Siegfried Lachmann hatte sich widerstandslos in Gewahrsam nehmen lassen, obwohl alkoholisiert, sei er dann „überraschend höflich und kooperativ“ geblieben.
Als er zum Polizeiwagen bugsiert wird, hält er plötzlich inne, sein Blick ist jetzt vollkommen klar: „Und der Junge? Der kommt doch um fünf aus der Schule. Bitte, jemand muss sich um meinen Jungen kümmern. “
Das Polizeipräsidium Unterfranken für den Landkreis Kitzingen mit Sitz in Würzburg, Frankfurter Strasse 79, schickt umgehend Ermittler und Spurensicherung. Sie durchsuchen das Wohnhaus, finden aber nichts. Es ist auffallend ordentlich, die Reinigungsmittel in der Abstellkammer sind farblich sortiert. Auf den Tischen gehäkelte Deckchen und frische Schnittblumen.
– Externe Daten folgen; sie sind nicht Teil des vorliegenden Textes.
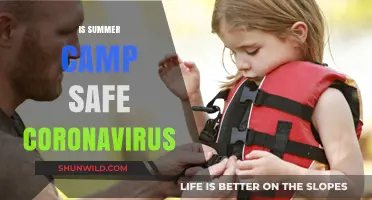 Is Summer Camp Safe Amid Coronavirus Concerns? What Parents Need to Know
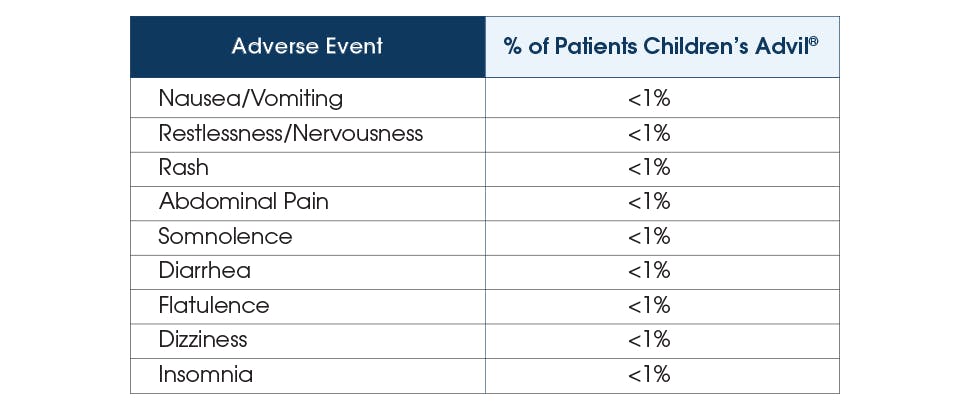 Chart showing potential adverse events and the percentage of patients who experience them after taking Children’s Advil 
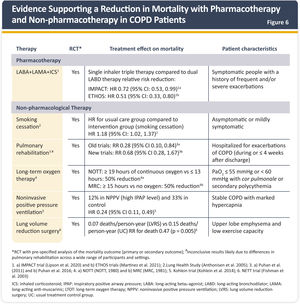 Evidence supporting a reduction in mortality with pharmacotherapy and non-pharmacotherapy in COPD patients. *: RCT with pre-specified analysis of the mortality outcome (primary or secondary outcome). + Not conclusive results likely due to differences in PR across a wide range of participants and settings. Definition of abbreviations: ICS: inhaled corticosteroids; LABA: long-acting β2-agonist; LAMA: long acting anti-muscarinic. Reference correspondence: 1. 89,192; 2. 193; 3. 156,157,194; 4.195,196; 5.197; 6. 198. Reproduced with permission from www.goldcopd.org.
An der Wand hängt eine Collage mit Photos, die den Jungen mit dem Vater zeigen: bei der Weinlese, beim Angeln am Main, beim Eisessen in der Altstadt von Dettelbach. In der Mitte wurde ein wenig Platz ausgespart, in Kinderschrift: Alles Gute zum Vatertag, lieber Vati!
Bis auf eine halbvolle Flasche Wodka auf dem Balkon finden sie hier keinen Alkohol. „Der Siggi, der ist ja kein Trinker. Wenn der am Sonntag nach der Kirche mal einen Schoppen trank, dann tat der sich doch den Wein mit Wasser verdünnen.“, wird einer der Zeugen später vor Gericht aussagen.
Anschliessend durchsuchen sie die Lagerhalle. Ort des Verbrechens ist zweifelsohne die Nische mit dem beschädigten Bauernschrank in dem Holzverschlag. Scheinbar hatte das Opfer versucht, sich hier zu verstecken.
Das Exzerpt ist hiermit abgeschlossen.